Leaving Madeira marks another first; she has crossed her first time zone, and will cross several more before reaching the Caribbean. Knowledge of the time is a vital factor in ocean travel and navigation. Accurately knowing the time of noon at an expected place in the world gives a navigator the ability to update their longitudinal position based on the actual elevation of the sun above the horizon, compared with where they thought it would be at noon on a particular day. The noon sun-sight, together with morning and evening star sights, were the basis of accurate navigation and exploration before the development of radio direction finding equipment and then satellite navigation systems. I could spend some time on this topic alone, but others have and much more eloquently. So, if you are interested, read Longitude by Dava Sobel or visit the Royal Observatory at the Greenwich Maritime Museum in London. It’s well worth it.

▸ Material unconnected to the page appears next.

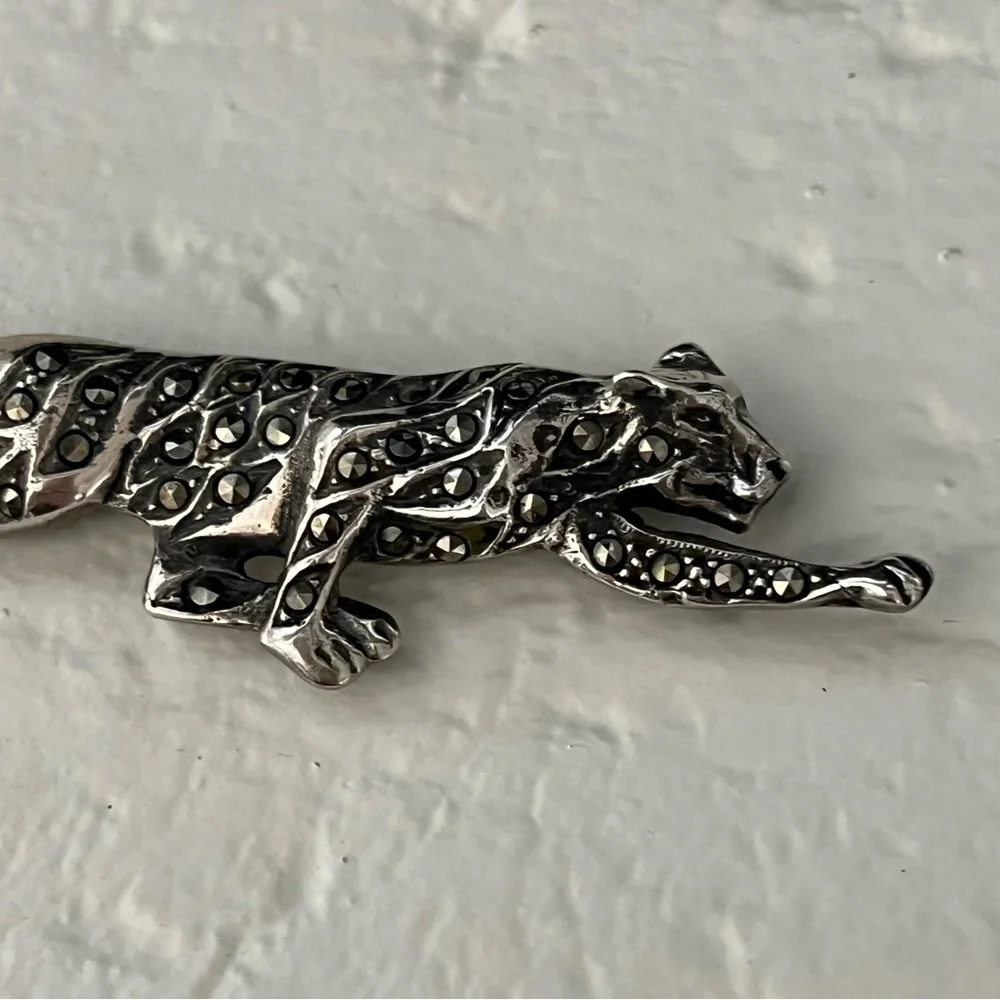 925 PANTHER LEOPARD EXQUISITE Marcasite Sterling Silver Signed Brooch Pin Gift - Picture 4 of 17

That said - mistakes can, and sadly do, get made! I often chuckle at the, possibly apocryphal, story of a tiny former colonial outpost somewhere in the Pacific Ocean awaiting the arrival of a warship some 30 years ago or so. The ship was due to make a small ceremonial visit whilst on passage across the Pacific. The island governor and all the local dignitaries were assembled on the harbor wall at the appointed hour on the appointed day. Flags were flying, bands were playing, welcome marquees had been erected. The time that the visiting warship should have appeared over the horizon came… and went… but no vessel was to be seen.
Consternation turned to concern until the message went around that the unfortunate ship’s navigator had omitted to factor the time change, and more importantly day change, presented by the passing of the international date line into his calculations correctly. Consequently some time earlier while on passage he had adjusted the ships speed in order to arrive at what he thought was the right time, but it was in fact a full 24 hours late! The arrival ceremony the next day was a great deal less impressive…
The fate of the navigator and his captain, who of course is ultimately responsible for his team, was not well documented - but I am sure it was not the most career enhancing move for either of them!
No date lines to pass in the Atlantic thankfully, just 5 timezones before reaching the waters of the BVI. Can’t come soon enough.